=== REQUIRED ACTION ===
Retype word for word the stretch of entries below from the line that has "Reloj Casio Modelo B640 Color Oro Rosado" through the line that has "Xforst Sappie Sapie", and omit the pictures.

=== INFORMATION SUPPLIED ===
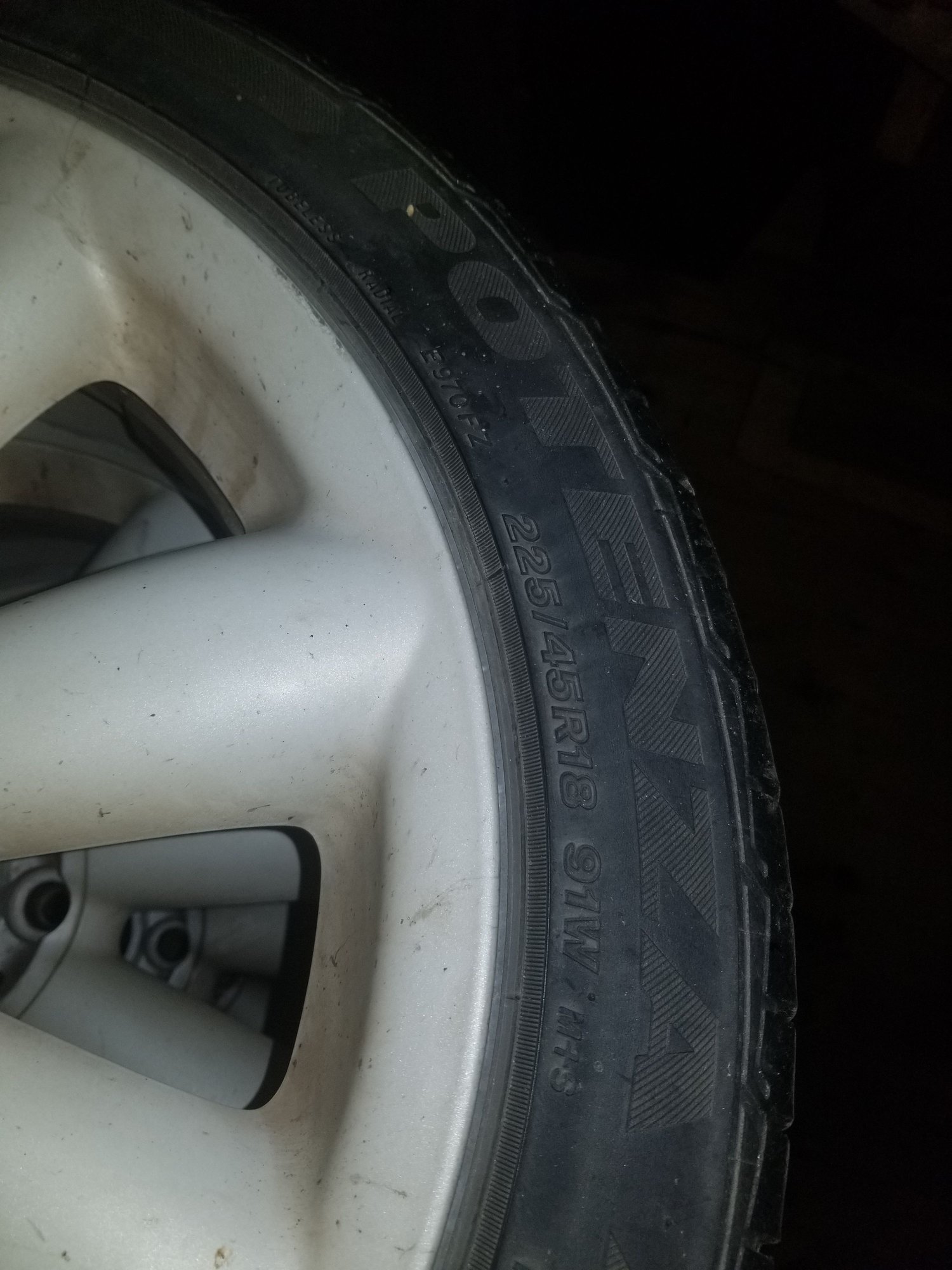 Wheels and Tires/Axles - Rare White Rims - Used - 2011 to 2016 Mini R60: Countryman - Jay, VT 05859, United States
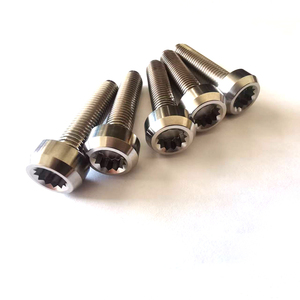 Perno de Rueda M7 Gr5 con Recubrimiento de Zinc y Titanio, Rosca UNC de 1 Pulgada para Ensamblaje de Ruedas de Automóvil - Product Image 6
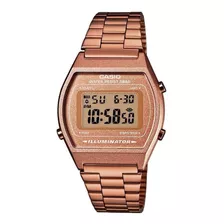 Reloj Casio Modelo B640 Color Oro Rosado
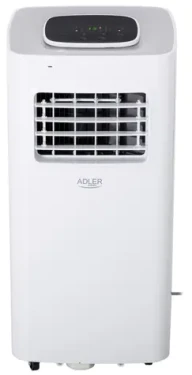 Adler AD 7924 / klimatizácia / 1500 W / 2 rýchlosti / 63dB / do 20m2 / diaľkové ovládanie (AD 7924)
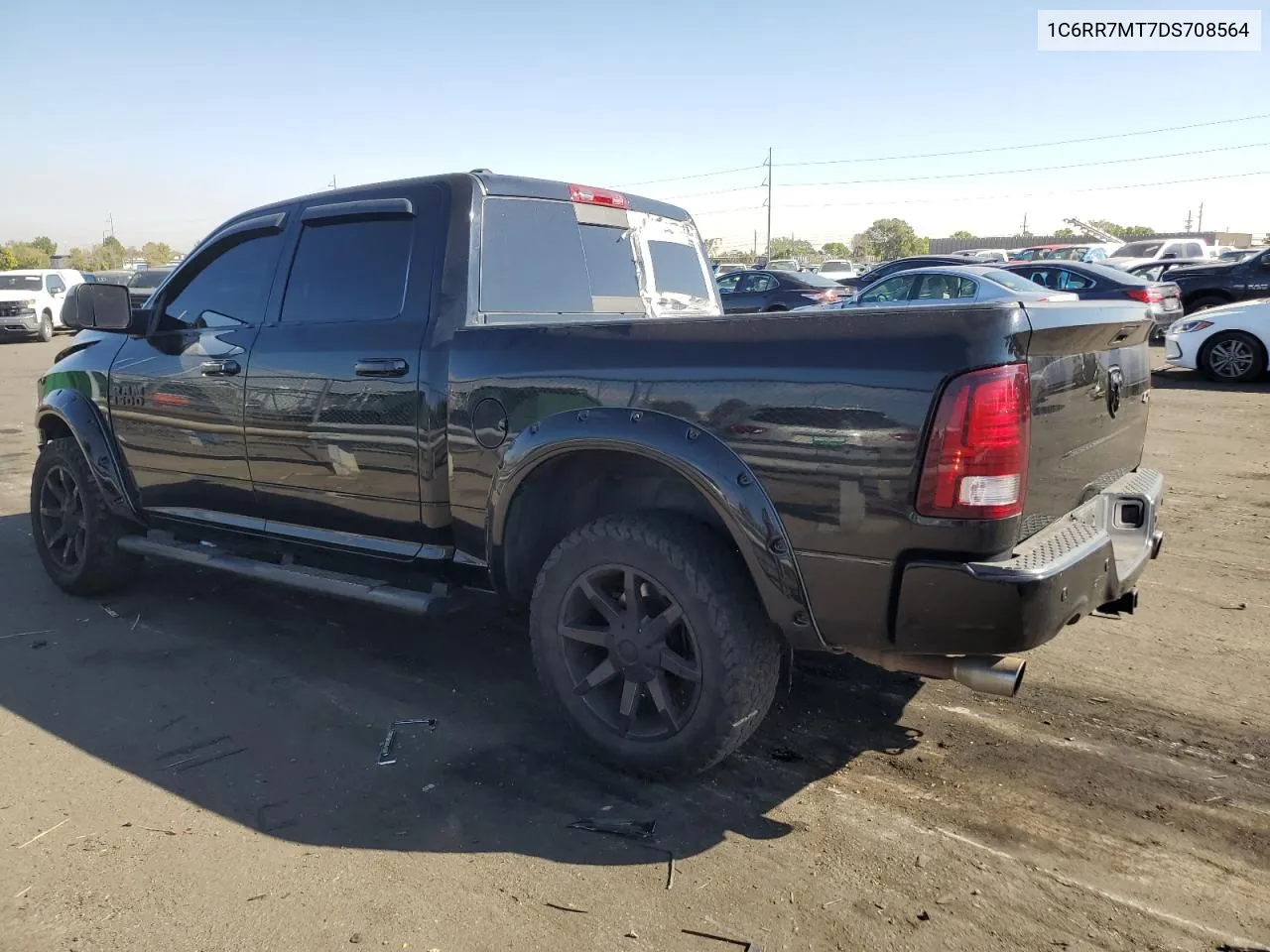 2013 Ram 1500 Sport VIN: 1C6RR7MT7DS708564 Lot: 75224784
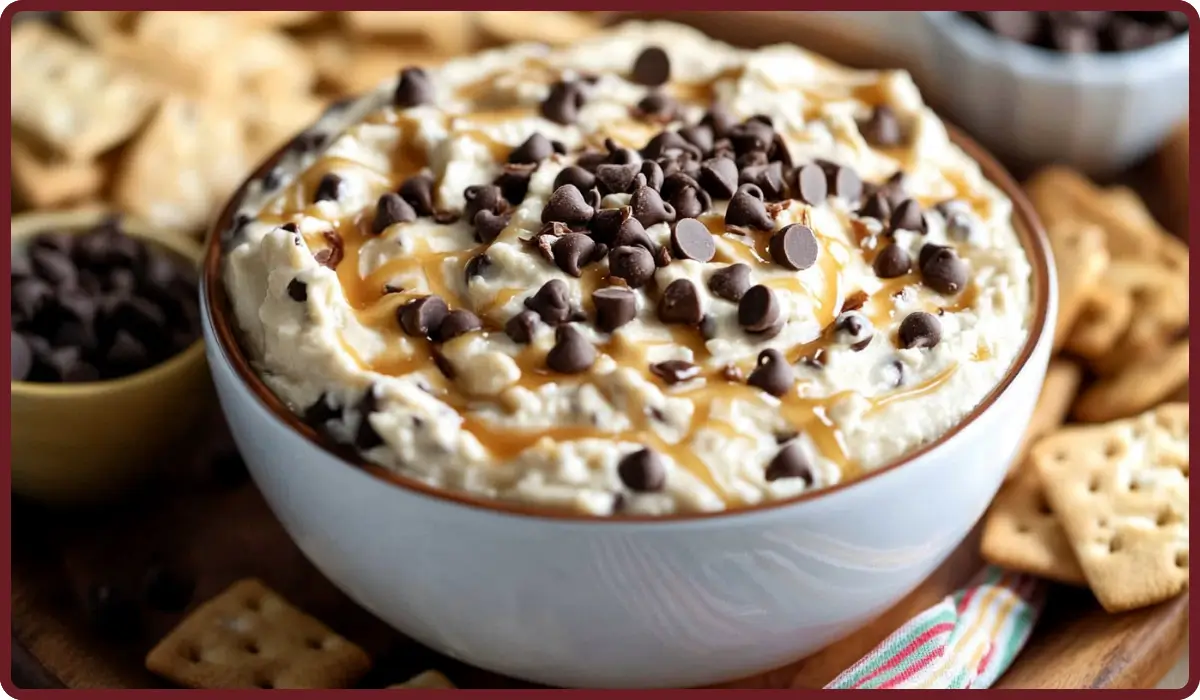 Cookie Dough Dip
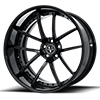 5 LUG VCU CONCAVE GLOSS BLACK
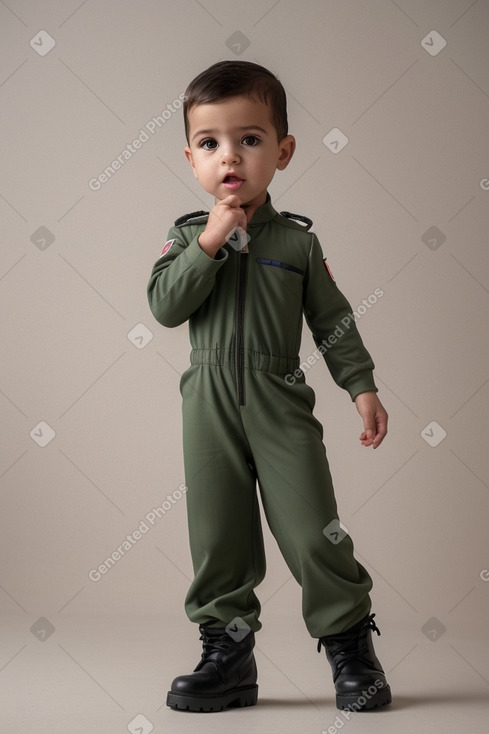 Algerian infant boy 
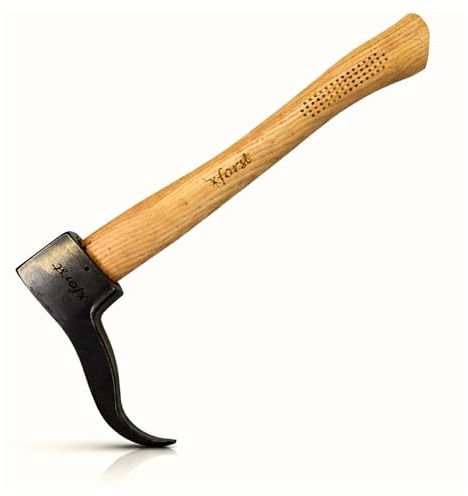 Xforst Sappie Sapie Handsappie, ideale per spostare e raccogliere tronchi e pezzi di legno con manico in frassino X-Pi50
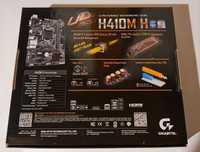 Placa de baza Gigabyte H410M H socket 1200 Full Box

==

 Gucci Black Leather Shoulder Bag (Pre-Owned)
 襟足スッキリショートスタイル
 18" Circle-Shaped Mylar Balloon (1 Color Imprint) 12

=== WRITTEN RESPONSE ===
 Reloj Casio Modelo B640 Color Oro Rosado
 Adler AD 7924 / klimatizácia / 1500 W / 2 rýchlosti / 63dB / do 20m2 / diaľkové ovládanie (AD 7924)
 2013 Ram 1500 Sport VIN: 1C6RR7MT7DS708564 Lot: 75224784
 Cookie Dough Dip
 5 LUG VCU CONCAVE GLOSS BLACK
 Algerian infant boy 
 Xforst Sappie Sapie Handsappie, ideale per spostare e raccogliere tronchi e pezzi di legno con manico in frassino X-Pi50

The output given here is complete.